Les Européens n’ignorent pas l’état de confusion politique qui règne de l’autre côté de la Manche, mais, pour M. Barnier, les obligations financières britanniques, « c’est aussi un problème difficile pour l’ensemble des 27. Derrière, il y a des milliers de programmes [de recherche, etc.] qui font l’objet d’engagements mutuels avec les Britanniques » et qui sont en danger, a insisté le négociateur de l’UE, mercredi.

Le Français est « coincé » par le mandat de négociation que lui ont confié les 27 : des gouvernements comme le Polonais ou le Néerlandais refusent absolument que le Brexit leur coûte un euro… Les discussions seront-elles plus fluides, lundi 17 juillet, pour le deuxième cycle de discussions, concernant le sort des plus de 4 millions de citoyens européens (Européens au Royaume-Uni, Britanniques ailleurs dans l’Union), « pris au piège du brexit » ? Pas sûr.

L’assurance des Européens

Londres a produit une offre fin juin, que Bruxelles estime insuffisante, car, pour reprendre les termes de M. Barnier mercredi, « la position britannique en l’état ne permettrait pas aux personnes concernées [au Royaume-Uni] de continuer à vivre [après le Brexit] comme aujourd’hui ». Les Britanniques se sont engagés à préserver les droits des plus de 3 millions d’Européens sur leur territoire mais réclament qu’ils relèvent, à compter du Brexit, de la justice britannique. Bruxelles exige que les litiges continuent d’être tranchés par la Cour de justice de l’UE, honnie par les Brexiters…

Le contraste entre l’assurance des Européens et la faiblesse des Britanniques, est en tout cas chaque jour plus criant. Ces derniers sont-ils seulement en mesure de négocier un Brexit dont ils commencent seulement à comprendre les implications – douloureuses –, pour leur pays, et alors que la première ministre, Theresa May, semble en sursis ?

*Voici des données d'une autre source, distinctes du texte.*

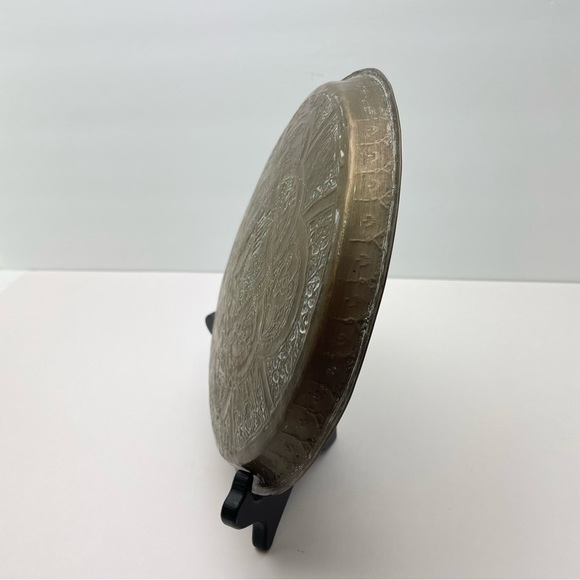 Brass Plate With Stand Damascene Handmade - Picture 4 of 15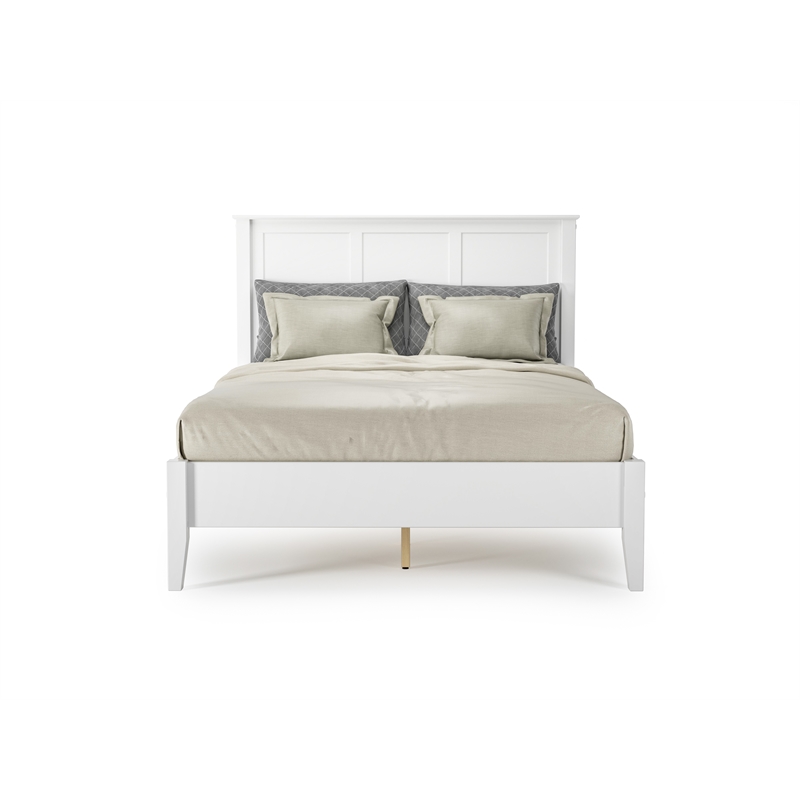 Camaflexi Shaker Style Panel Queen Size Bed Dual Height Slat Design White Finish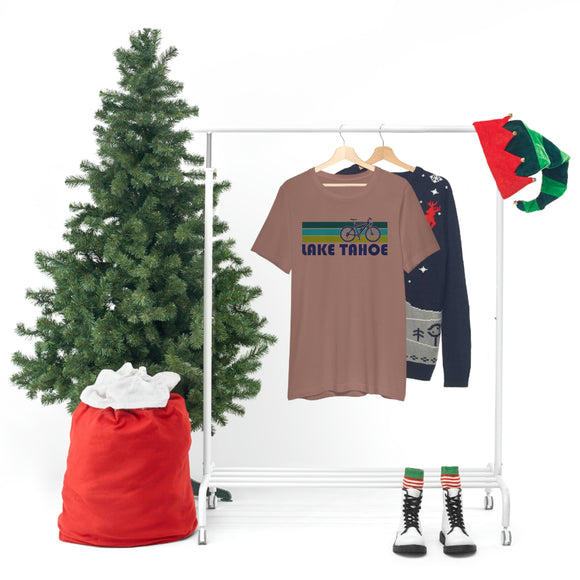 Lake Tahoe T-Shirt - Retro Mountain Bike Adult Unisex Lake Tahoe, Idaho T Shirt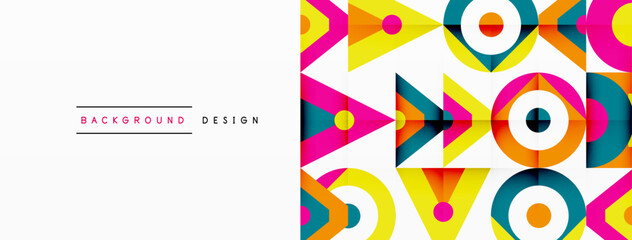 Poster - Colorful geometric pattern featuring rectangles, triangles, circles, and arrows in magenta and electric blue on a white background, inspired by art and technology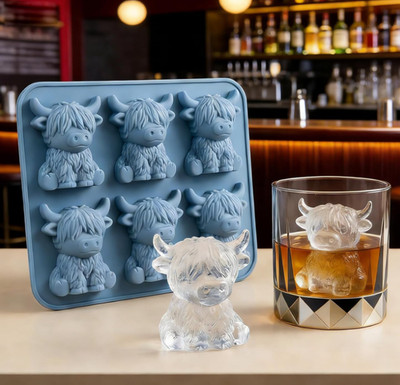 Mini Highland Cow Ice Cube Mold,Cute 3D Highland Cow Silicone Ice Cube Tray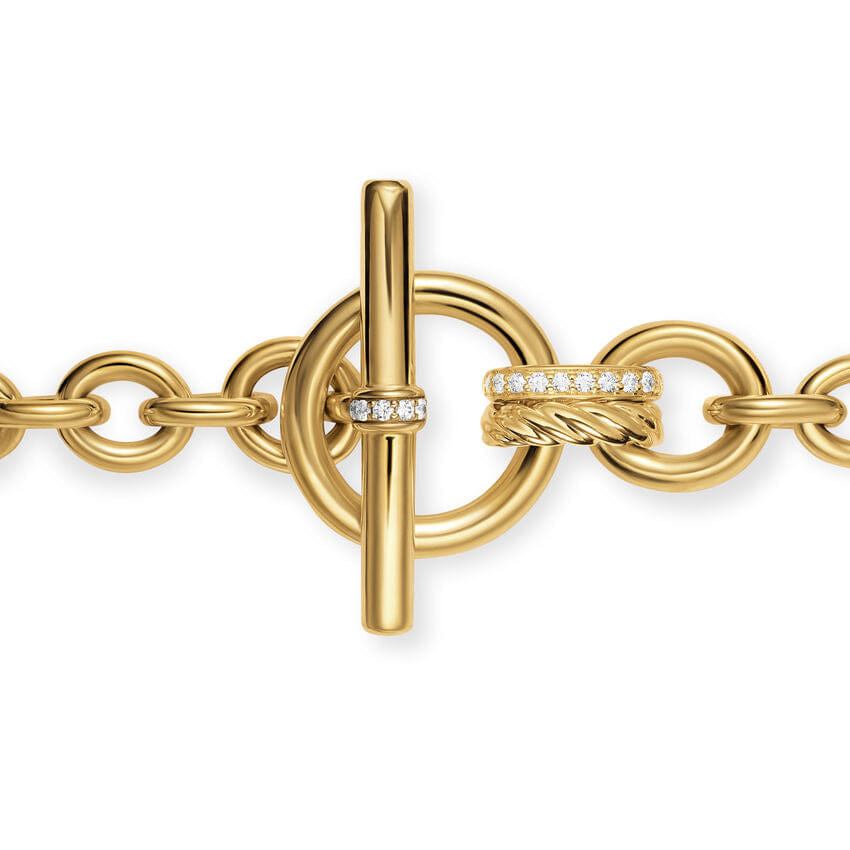 David Yurman DY Mercer Toggle Chain Necklace in 18K Yellow Gold with Diamonds, 8mm, 20"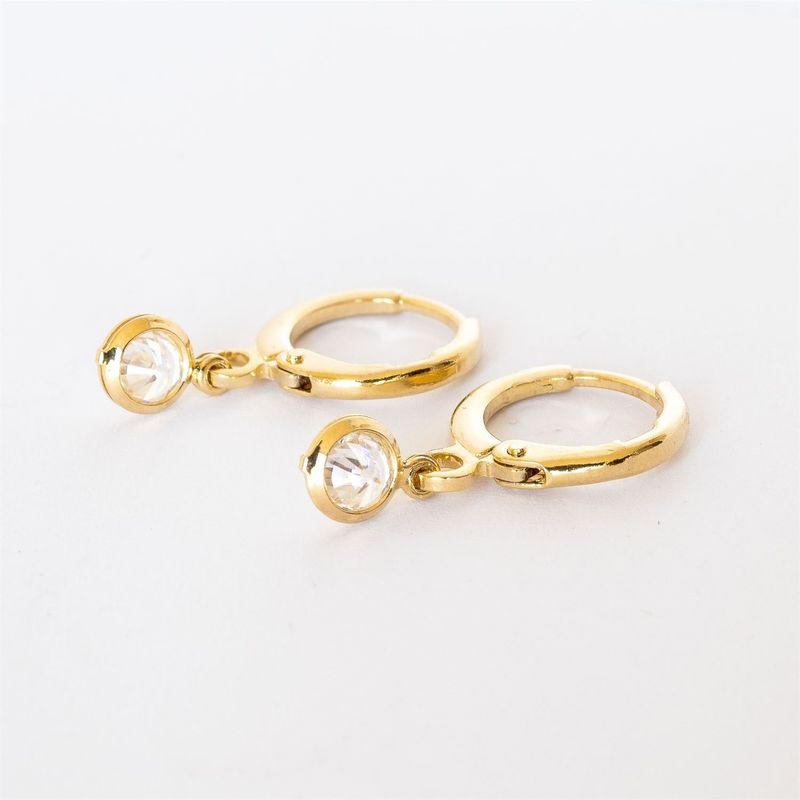 GENERICO - Aros Mujer Argollas Sarah 4 mm Bañado en Oro Philippa Joyas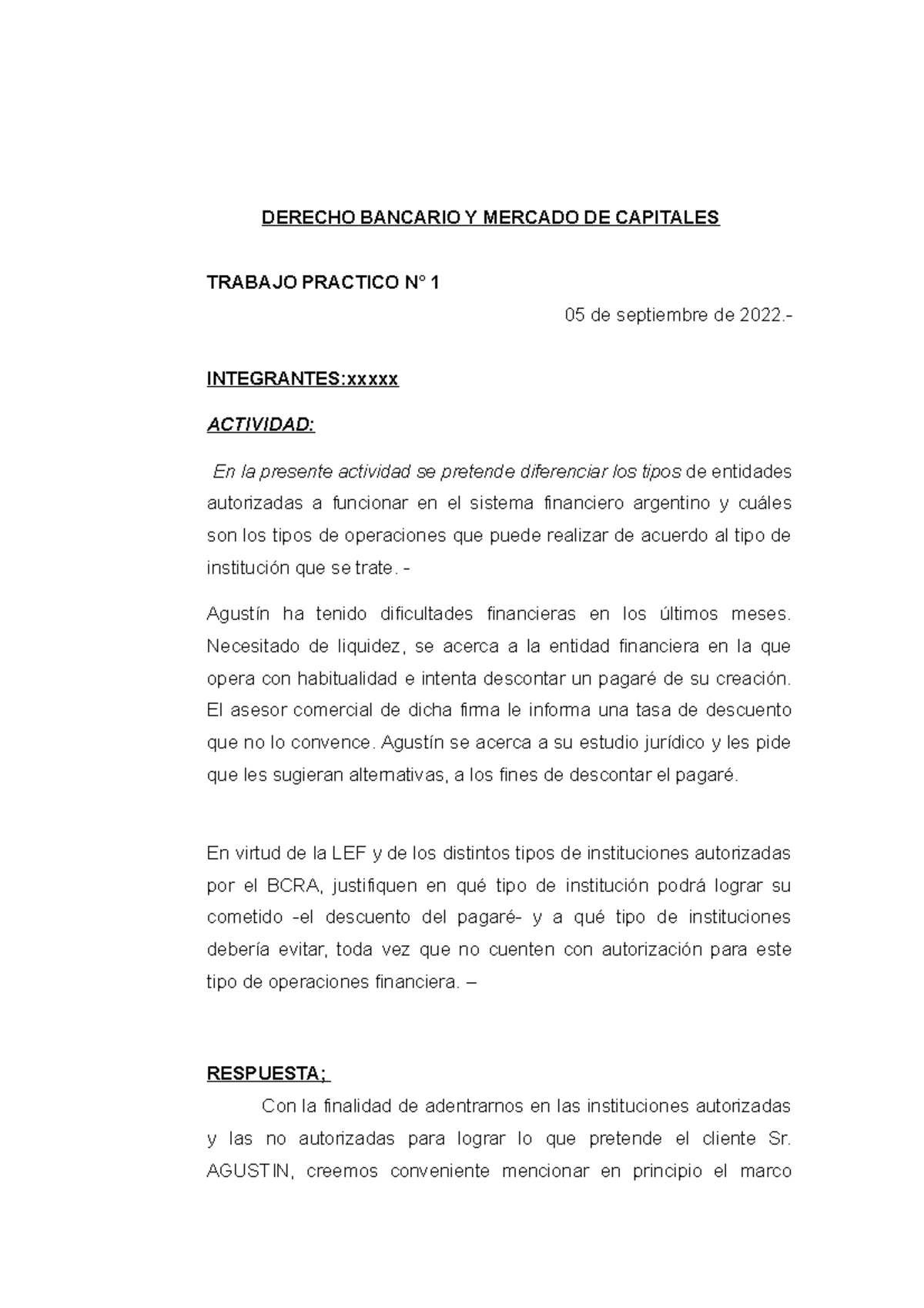 Practico Derecho Bancario Derecho Bancario Y Mercado De Capitales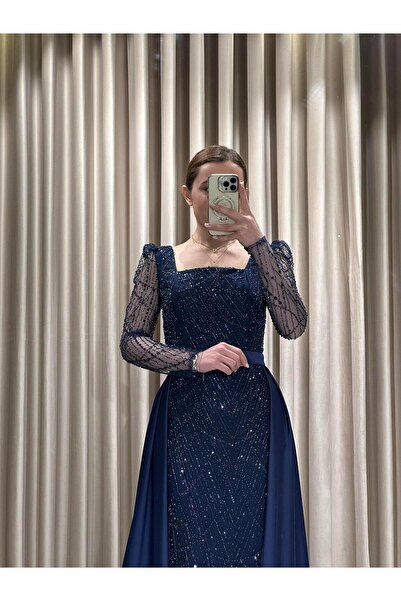 Kaleiçi Yıldızlar Lacivert Boncuk İşlemeli Uzun Kollu Pelerinli Abiye Elbise 5463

Jeudi 13 juillet, Michel Barnier devait recevoir Jeremy Corbyn, le leader travailliste britannique sorti renforcé des élections législatives anticipées du 8 juin dernier, qui ont coûté sa majorité absolue à la conservatrice May. Ainsi que Nicola Sturgeon, la première ministre écossaise en guerre contre le « hard brexit » prôné par Theresa May. Un pied de nez supplémentaire à Londres ? Le Français a tenu à préciser mercredi qu’il rencontrait ces politiques « à leur demande ». « Evidemment, je ne négocie qu’avec le gouvernement britannique », a-t-il assuré.